The economic rape of Congo by outside forces is not a new phenomenon. Belgium exploited the country for decades as the colonial power in the late 19th and 20th century. Now the vultures circling the country are African.

Only six months ago United States President Bill Clinton toured Africa and spoke of an "African renaissance". A few weeks ago South Africa's Deputy President, Thabo Mbeki, spoke of his fears for the future of that renaissance and called for a revolt against the "petty gangsters" who aspire to rule in Africa. "It is out of this pungent mixture of greed, dehumanising poverty, obscene wealth and endemic public and private corrupt practice that many of Africa's coups d'etats and civil wars are born," he said.

A central African war could kill any hope of a renaissance in the near future and wipe out any economic gains made in recent years. The non-combatants will suffer most. Already reports of cholera and widespread rape are coming out of eastern Congo.

Women are reportedly selling unprotected sex for 600 Ugandan shillings (30p) in order to buy food and it is feared the war is about to unleash a new Aids disaster.

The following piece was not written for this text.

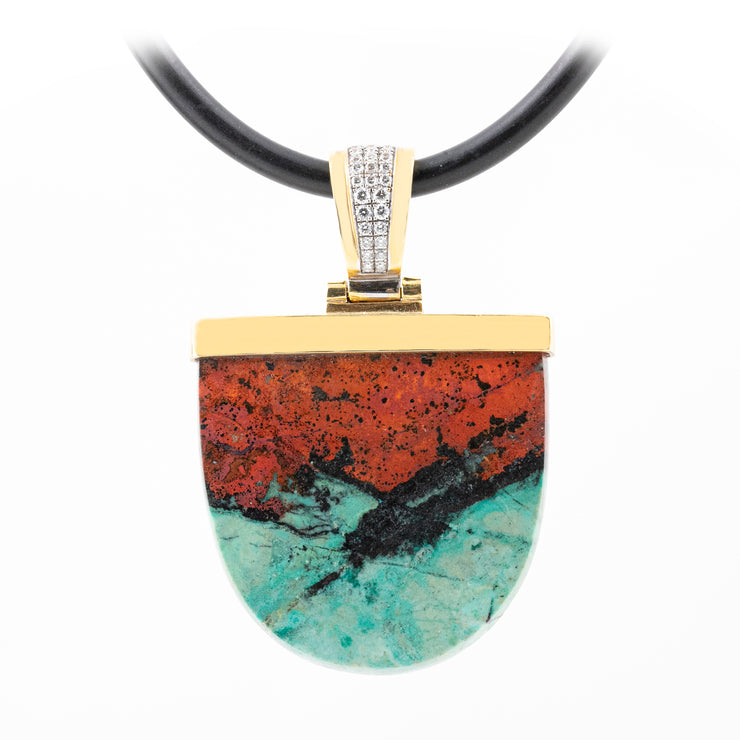 Fire & Ice Agate Pendant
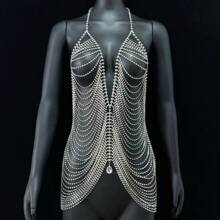 Luxury Rhinestone Tassel Body Chain, Sexy Rhinestone Chest Chain, Body Jewelry For Women - Multicolor - View 2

Before last week's troop escalation Zimbabwe was already spending a million dollars a day on the war, despite the fact its economy is in trouble and the country is facing an Aids crisis.

There is a fear that the leaders of the countries involved in the Congo tragedy are out of step with their own people.

As one Kampala newspaper columnist wrote recently: "In the case of Congo, the patriots are those who oppose our involvement there. If there was ever a time when it was good to be a traitor, this is it."